DESCRIPTION OF THE TASK: Apart from the pictures, reproduce the data below exactly as it stands.

GIVEN MATERIAL:
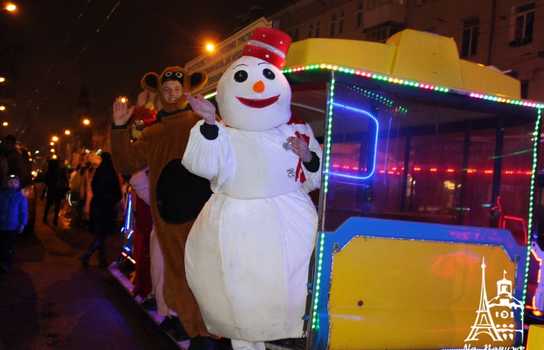 Новини Вінниці / У Вінниці запрацювала резиденція Миколая та Санта-Клауса. Святий приїхав на санях, запряжених парою оленів (ФОТО)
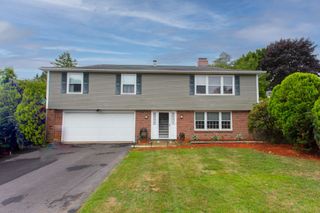 7 Greenbrier Road, West Warwick, RI 02893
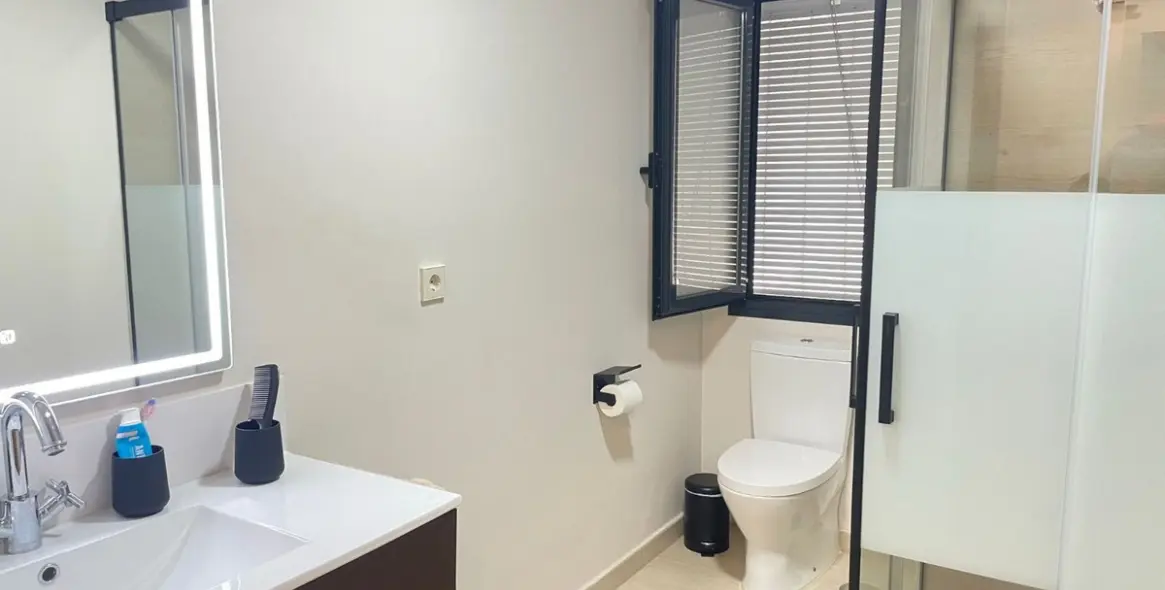 Sale of middle floor apartment in Estepona (district Estepona) 3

WRITTEN RESPONSE:
 Новини Вінниці / У Вінниці запрацювала резиденція Миколая та Санта-Клауса. Святий приїхав на санях, запряжених парою оленів (ФОТО)
 7 Greenbrier Road, West Warwick, RI 02893
 Sale of middle floor apartment in Estepona (district Estepona) 3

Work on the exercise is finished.